Compaction refers to the process by which an AI coding agent compresses or condenses large codebases, plans, or intermediate reasoning steps into smaller, more efficient representations without losing essential functionality. In practice, you see this after interacting with an AI coding agent for some prolonged period during which the agent has exhausted its reserve of contextual tokens.

Most of the issues that I have had with AI coding agents have been a side effect of compaction. So much so that I regularly build my workflows around compaction, starting fresh with updated prompts before compaction happens.

The typical problems that I encounter with compaction are things like the agent forgetting some important context related to the task, skipping or ignoring an important step that coincides with when compaction happened.

AI Code Reviews

These are generally fine for a first pass to catch low-hanging issues, but often end up being noisier than is useful or missing important context related to the change. I think this is more generally a side effect of the “Business Logic” issue described above, but another important aspect here is that these tools just aren’t ready to be a trustworthy final source of review for production applications, so it ends up just being an added step to the code review process.

Large Codebases

The real issue here, again, is compaction. There is just so much context in a large codebase that AI coding agents very quickly run out of tokens and require compaction to continue. Most notable codebases existed before AI coding agents, and as such were not built for use with these tools.

File size is a common issue that I have seen. For example, very large unit test files will quickly chew through available context. Microservices may fare better here, but a sufficiently mature monolith is likely to struggle.

Final Thoughts

It’s crazy to think that we’re still likely in the “early days” of AI tools. There is so much potential here, but there are also some common and very impactful issues as well. There are very strong feelings on both ends of the AI spectrum - we’ve all heard CEOs proclaim that software would be entirely written by AI within months, just like we’ve heard fellow developers claim that coding agents are only capable of producing slop.

I think it would be naive to think that the current state of these tools is indicative of the long term. I also think that writing safe, reliable software without humans in the loop will require more than an LLM. Additionally, I’m still waiting for the “hook” that really makes AI tooling irreplacable in my workflows. Nothing that I use AI for at the moment is absolutely necessary, and efficiency gains are still nebulous enough to make it difficult to truly sell as a force multiplier. Its exciting to work with these tools and there certainly is potential here, but its important to be realistic about hype versus true impact.

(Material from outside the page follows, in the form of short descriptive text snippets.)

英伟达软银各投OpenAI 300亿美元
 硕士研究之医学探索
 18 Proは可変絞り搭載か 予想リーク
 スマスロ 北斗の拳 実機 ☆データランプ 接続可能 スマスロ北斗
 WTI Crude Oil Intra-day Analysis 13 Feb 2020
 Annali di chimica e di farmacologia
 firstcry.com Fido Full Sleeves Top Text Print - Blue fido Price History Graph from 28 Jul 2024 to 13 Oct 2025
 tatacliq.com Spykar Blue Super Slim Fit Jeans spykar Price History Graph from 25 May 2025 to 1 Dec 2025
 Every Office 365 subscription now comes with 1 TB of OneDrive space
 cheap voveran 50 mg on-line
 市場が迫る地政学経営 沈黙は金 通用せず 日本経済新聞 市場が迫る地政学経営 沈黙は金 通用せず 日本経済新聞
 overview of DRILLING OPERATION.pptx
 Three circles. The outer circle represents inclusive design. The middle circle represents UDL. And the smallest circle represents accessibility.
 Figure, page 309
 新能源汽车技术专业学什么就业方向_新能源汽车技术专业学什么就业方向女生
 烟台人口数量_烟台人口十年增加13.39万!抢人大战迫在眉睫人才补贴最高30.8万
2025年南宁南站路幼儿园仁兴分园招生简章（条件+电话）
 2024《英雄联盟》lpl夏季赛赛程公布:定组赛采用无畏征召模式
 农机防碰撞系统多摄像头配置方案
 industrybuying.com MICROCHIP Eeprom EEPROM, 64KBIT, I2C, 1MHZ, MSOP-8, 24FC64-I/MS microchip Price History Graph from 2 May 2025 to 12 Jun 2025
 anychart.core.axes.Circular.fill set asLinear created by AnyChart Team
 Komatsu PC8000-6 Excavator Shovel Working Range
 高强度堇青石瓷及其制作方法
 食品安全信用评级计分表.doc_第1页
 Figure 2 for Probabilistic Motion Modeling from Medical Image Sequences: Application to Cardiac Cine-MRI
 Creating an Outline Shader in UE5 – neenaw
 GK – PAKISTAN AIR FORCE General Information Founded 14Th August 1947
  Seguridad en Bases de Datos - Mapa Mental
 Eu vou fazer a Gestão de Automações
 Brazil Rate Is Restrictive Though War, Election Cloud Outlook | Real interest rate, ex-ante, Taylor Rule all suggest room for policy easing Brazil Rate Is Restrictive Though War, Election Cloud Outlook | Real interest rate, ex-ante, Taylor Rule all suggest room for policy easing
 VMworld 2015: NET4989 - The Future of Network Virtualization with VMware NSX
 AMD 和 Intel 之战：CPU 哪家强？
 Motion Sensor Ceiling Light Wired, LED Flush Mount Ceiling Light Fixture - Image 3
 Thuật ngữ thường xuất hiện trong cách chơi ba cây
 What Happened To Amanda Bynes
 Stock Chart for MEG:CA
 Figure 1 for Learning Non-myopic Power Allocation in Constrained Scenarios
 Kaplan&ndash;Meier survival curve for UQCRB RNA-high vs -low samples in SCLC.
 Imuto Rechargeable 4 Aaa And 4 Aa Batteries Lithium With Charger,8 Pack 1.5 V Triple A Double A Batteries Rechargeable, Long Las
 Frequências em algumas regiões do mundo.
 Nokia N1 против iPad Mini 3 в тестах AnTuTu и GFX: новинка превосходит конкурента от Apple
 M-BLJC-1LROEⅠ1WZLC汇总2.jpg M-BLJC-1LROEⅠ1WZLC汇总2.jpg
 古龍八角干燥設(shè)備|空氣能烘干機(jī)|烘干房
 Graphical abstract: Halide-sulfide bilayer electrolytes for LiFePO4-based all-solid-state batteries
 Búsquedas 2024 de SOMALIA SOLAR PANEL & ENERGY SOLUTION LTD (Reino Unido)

As with all things, I believe that there is a balance. My guidance to fellow developers who trend towards the “anti-AI” end of the spectrum has been this: these tools exist now, and they are not going away regardless of how you feel about them. As a software engineer, it is your responsibility to understand how these tools work so that you can use them if and where appropriate, but more importantly so that you can help guide the usage of these tools by your mentees and fellow engineers. It is arguably more important to know what use cases AI coding agents and other tooling do not work well for, and as a technical leader you should be capable of providing this guidance to others.

I’m excited to see where these tools go in 2026!